> _SOURCE INFORMATION_:
****

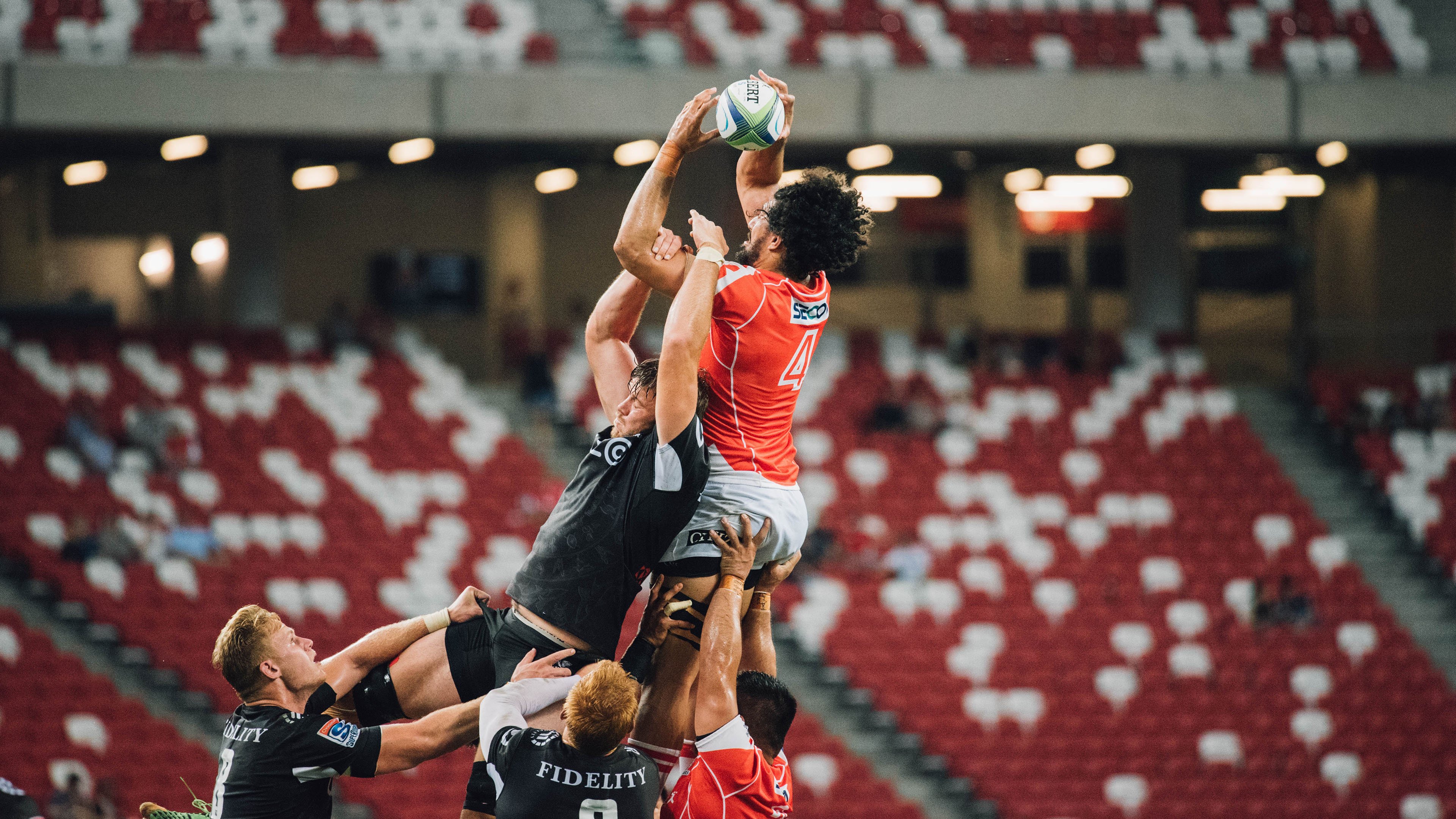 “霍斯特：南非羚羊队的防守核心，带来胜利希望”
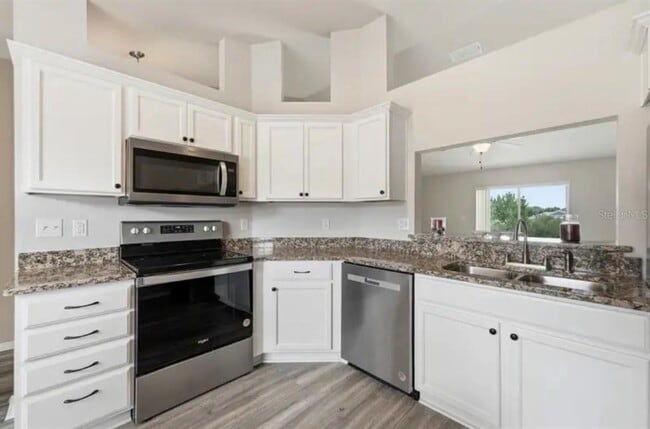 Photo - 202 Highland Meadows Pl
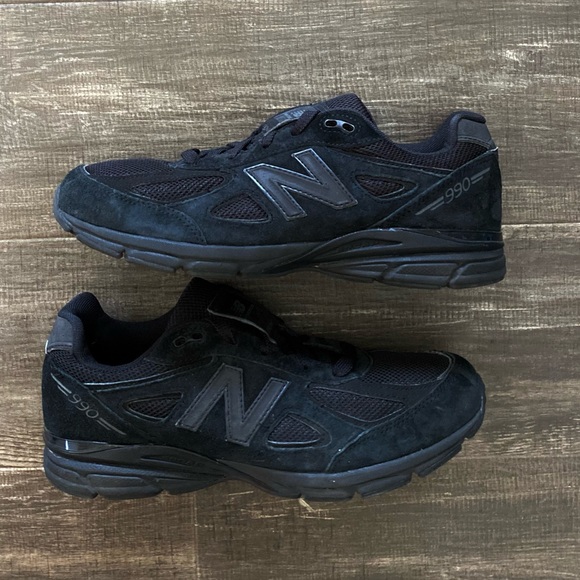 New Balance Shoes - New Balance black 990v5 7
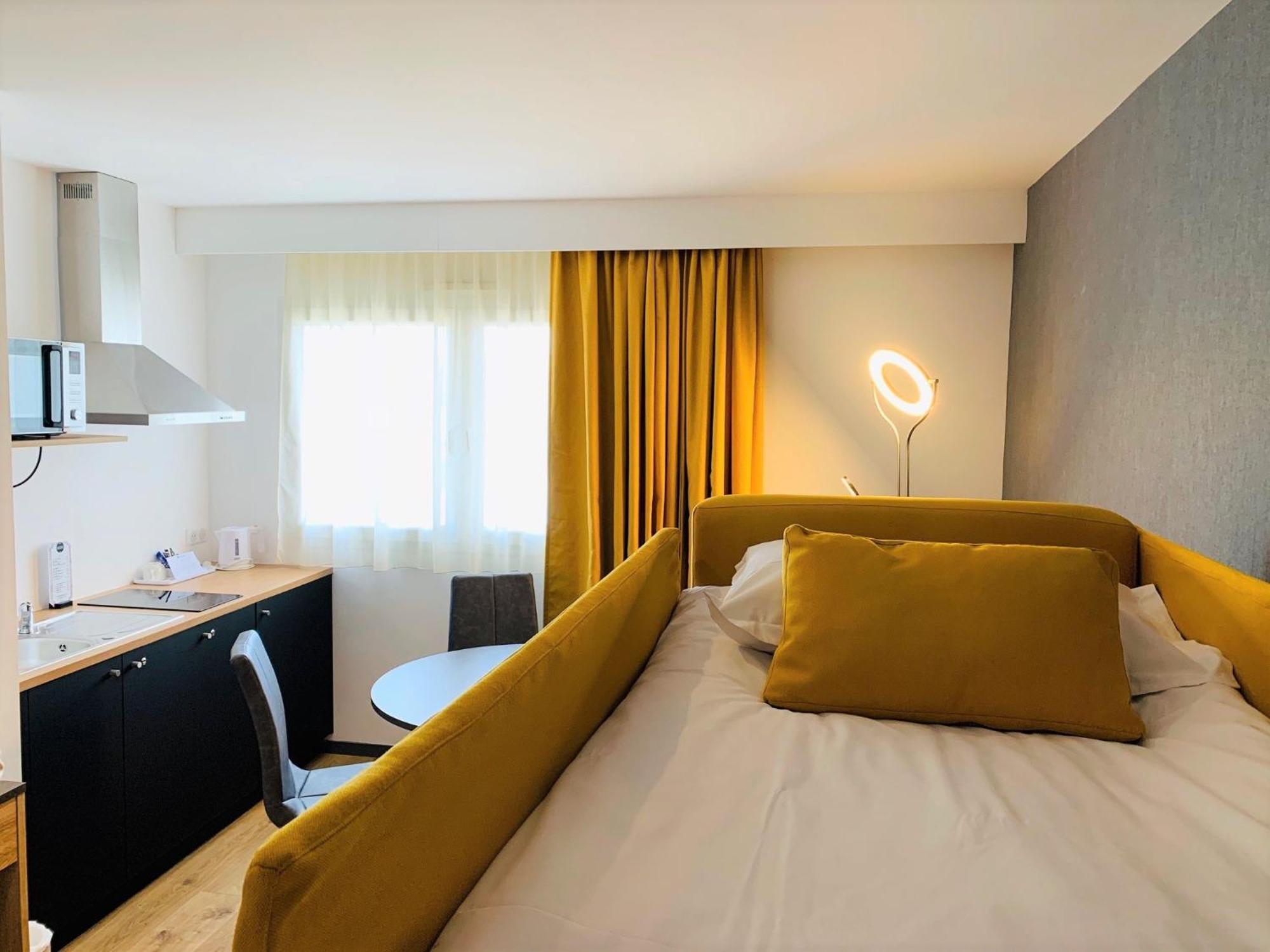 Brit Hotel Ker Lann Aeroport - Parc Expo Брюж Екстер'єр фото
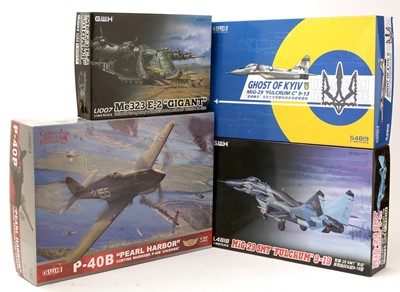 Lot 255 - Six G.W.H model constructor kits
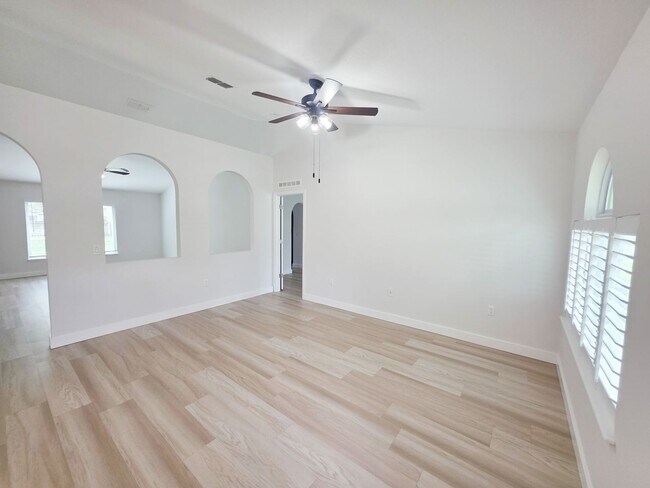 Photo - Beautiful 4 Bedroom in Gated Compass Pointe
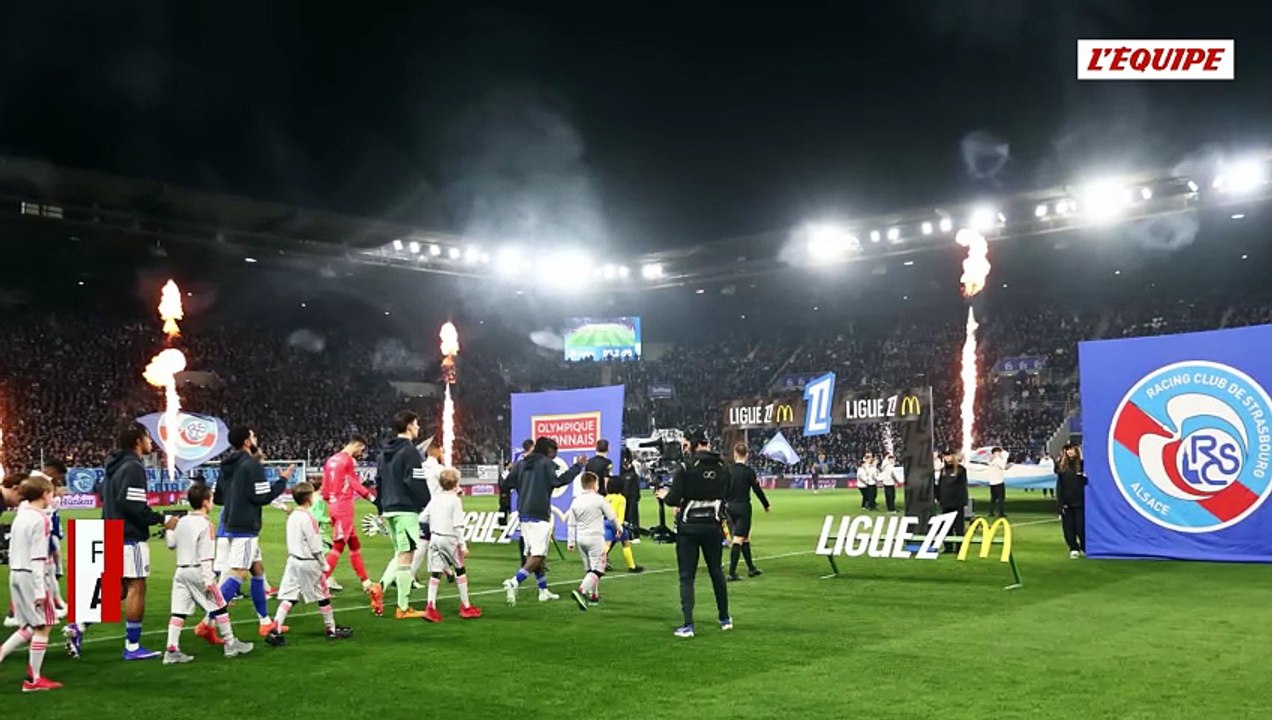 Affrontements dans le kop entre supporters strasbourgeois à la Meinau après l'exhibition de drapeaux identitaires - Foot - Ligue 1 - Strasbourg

****

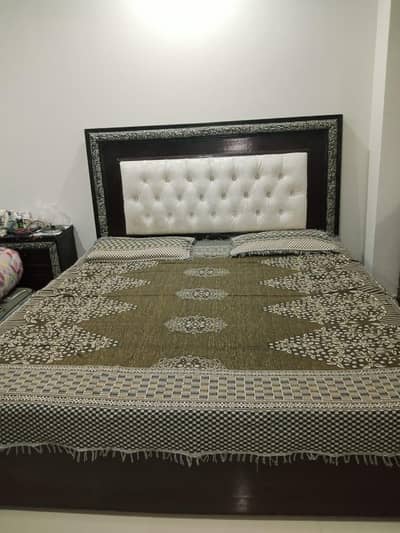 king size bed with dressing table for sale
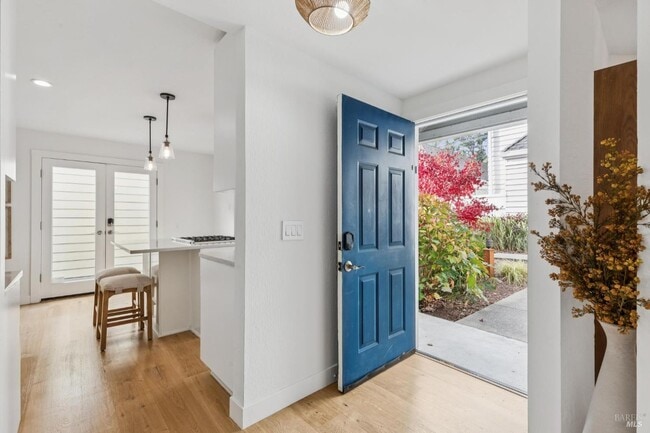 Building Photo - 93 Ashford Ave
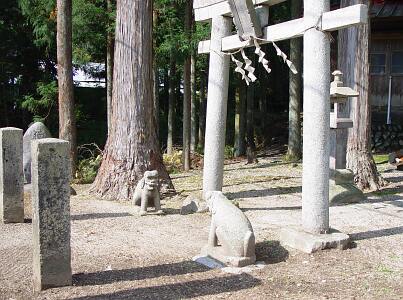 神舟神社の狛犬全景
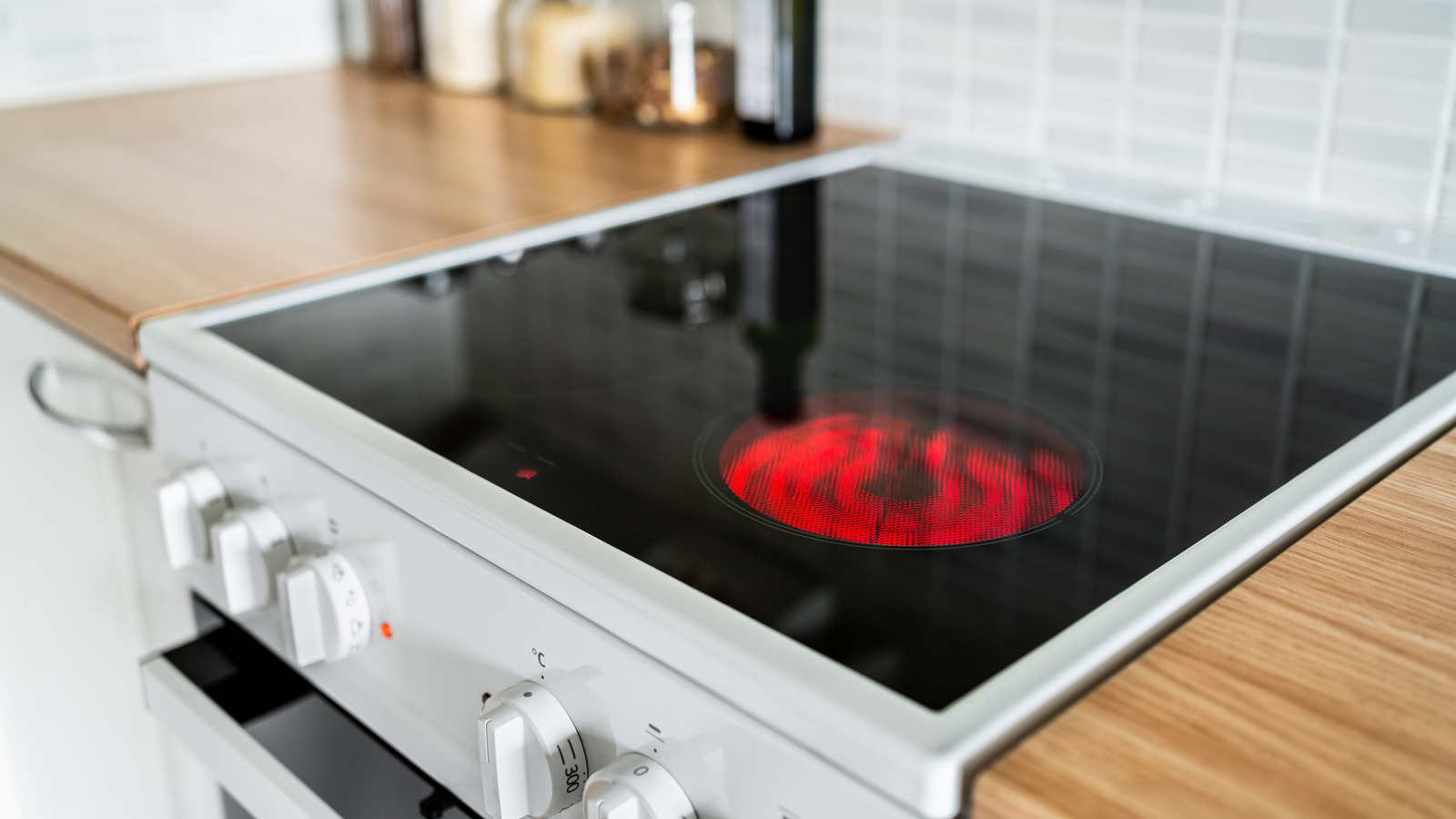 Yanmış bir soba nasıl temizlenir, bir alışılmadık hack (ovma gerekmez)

****

Output exactly the lines above, from the line with "Lot 255 - Six G.W.H model constructor kits" to the line with "Affrontements dans le", both included; skip the pictures.

> _TASK RESPONSE_:
 Lot 255 - Six G.W.H model constructor kits
 Photo - Beautiful 4 Bedroom in Gated Compass Pointe
 Affrontements dans le kop entre supporters strasbourgeois à la Meinau après l'exhibition de drapeaux identitaires - Foot - Ligue 1 - Strasbourg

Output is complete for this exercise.